NVIDIA/nvidia-container-runtime

Support for RHEL8.4 (ppc64le)

mgiessing opened this issue · 11 comments

Hi, is there an estimated date when support for rhel8.4 will be there?

Thanks!

Hi @mgiessing. Do you mean from a packaging perspective? Have you tried to use the RHEL8.3 (or centos8) packages?

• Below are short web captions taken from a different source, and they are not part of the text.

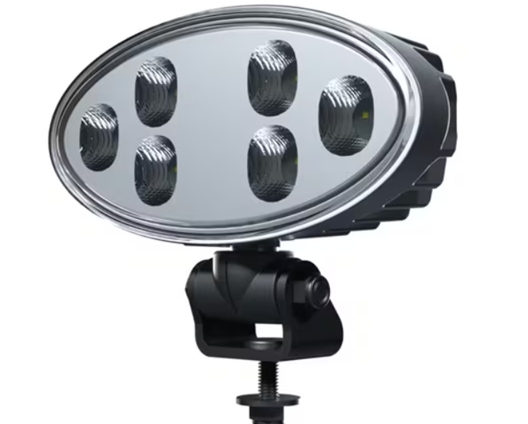Oválná Pracovní Lampa LED6 39W 12/24V 3600lm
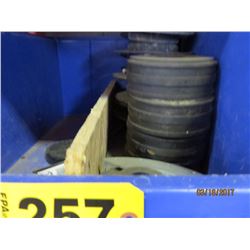 4" & 5" Rubber Entry Port Covers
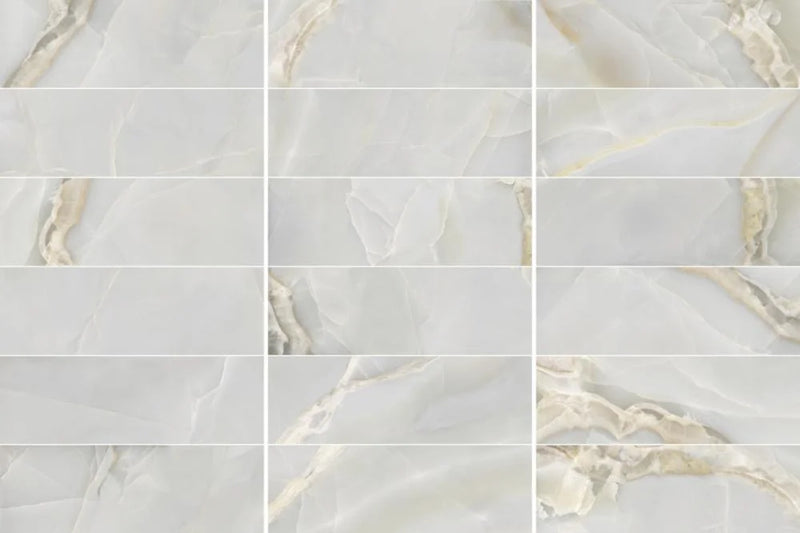 Selene Sky 11.8x35.4 Porcelain Tile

Yes, I mean from a packaging as well as functional perspective. If I try to replace $distribution (which is rhel8.4) with rhel8.3 here:

distribution=$(. /etc/os-release;echo $ID$VERSION_ID)
curl -s -L https://nvidia.github.io/nvidia-container-runtime/$distribution/nvidia-container-runtime.repo | sudo tee /etc/yum.repos.d/nvidia-container-runtime.repo
sudo yum install -y nvidia-container-runtime-hook

I can install the runtime hook, but encounter this error:

[root@p630-met1 ~]# docker run --rm docker.io/nvidia/cuda-ppc64le:11.3.1-runtime-ubi8 nvidia-smi
Emulate Docker CLI using podman. Create /etc/containers/nodocker to quiet msg.
Error: OCI runtime error: container_linux.go:367: starting container process caused: process_linux.go:495: container init caused: Running hook #0:: error running hook: exit status 1, stdout: , stderr: nvidia-container-cli: ldcache error: process /sbin/ldconfig terminated with signal 4

Using a RHEL8.3 (bare-metal) distribution works fine.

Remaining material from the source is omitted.